#### [Recorded data]
((
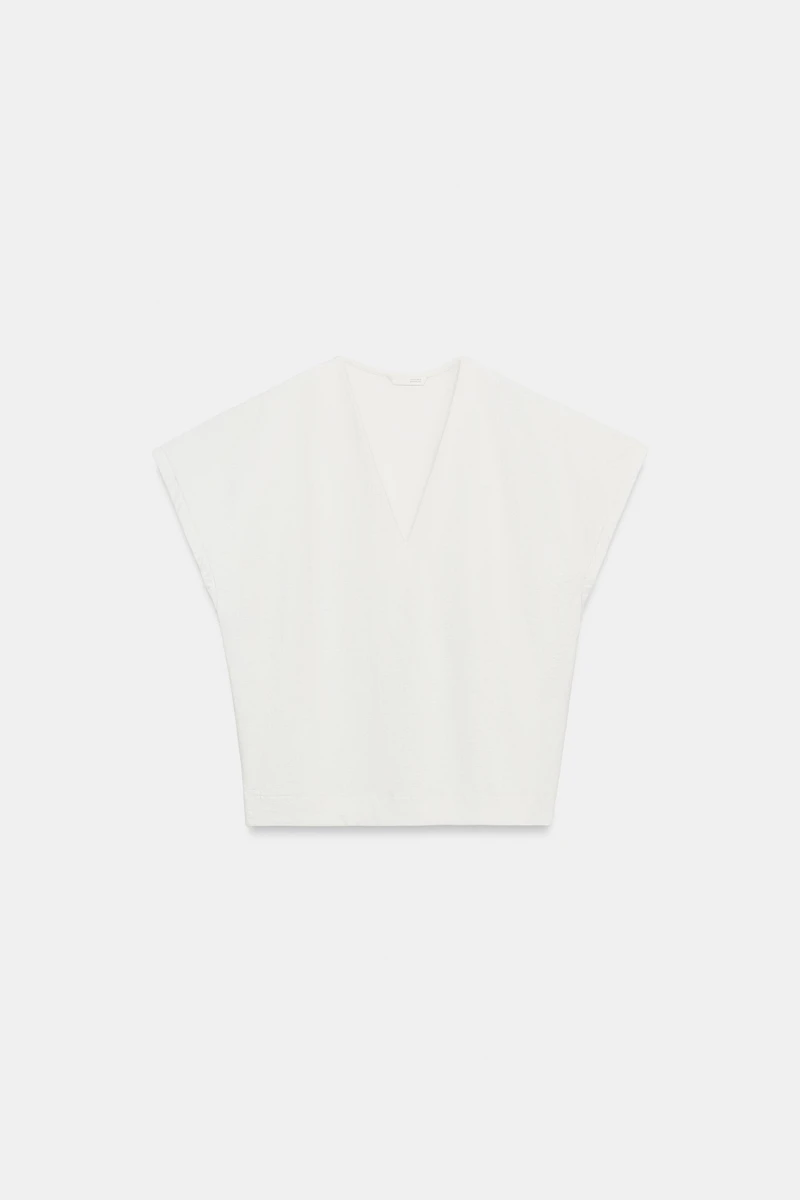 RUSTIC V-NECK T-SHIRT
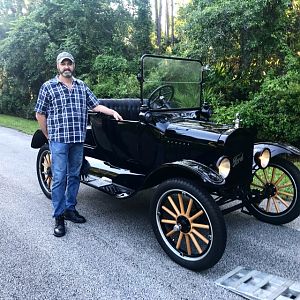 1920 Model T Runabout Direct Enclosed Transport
))
((
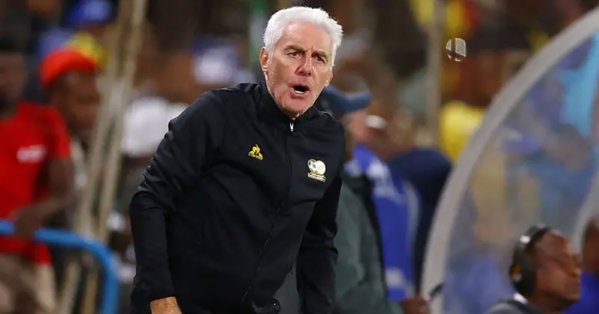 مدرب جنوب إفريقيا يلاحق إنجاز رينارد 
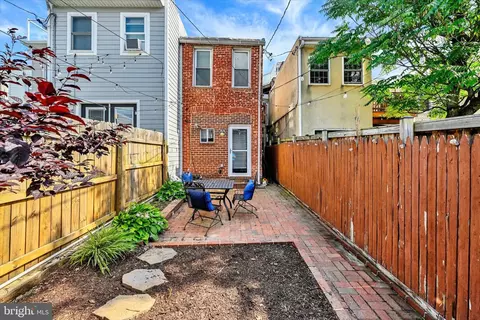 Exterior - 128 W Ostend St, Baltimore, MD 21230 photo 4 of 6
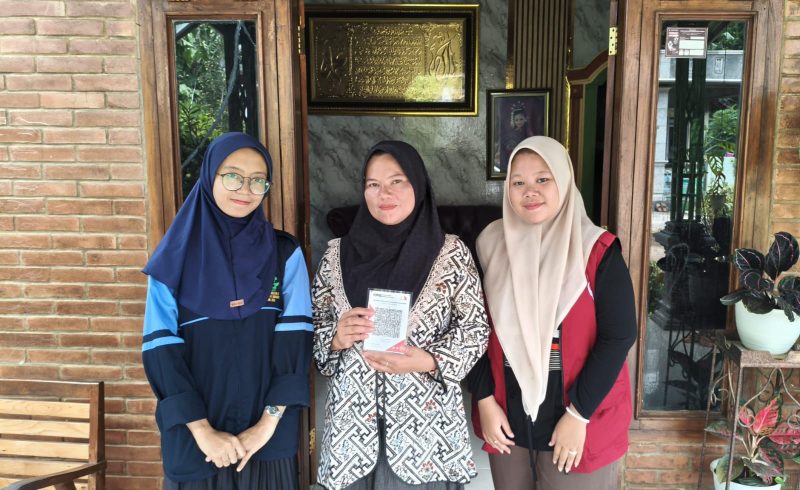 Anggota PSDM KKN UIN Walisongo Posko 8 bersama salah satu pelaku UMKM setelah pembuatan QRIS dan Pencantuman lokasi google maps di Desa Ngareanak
))
Transcribe only this stretch of the data: the line with "مدرب جنوب إفريقيا يلاحق إنجاز رينارد", the line with "Anggota PSDM KKN", and every line in between. Leave out the pictures.

#### [Task output]
 مدرب جنوب إفريقيا يلاحق إنجاز رينارد 
 Exterior - 128 W Ostend St, Baltimore, MD 21230 photo 4 of 6
 Anggota PSDM KKN UIN Walisongo Posko 8 bersama salah satu pelaku UMKM setelah pembuatan QRIS dan Pencantuman lokasi google maps di Desa Ngareanak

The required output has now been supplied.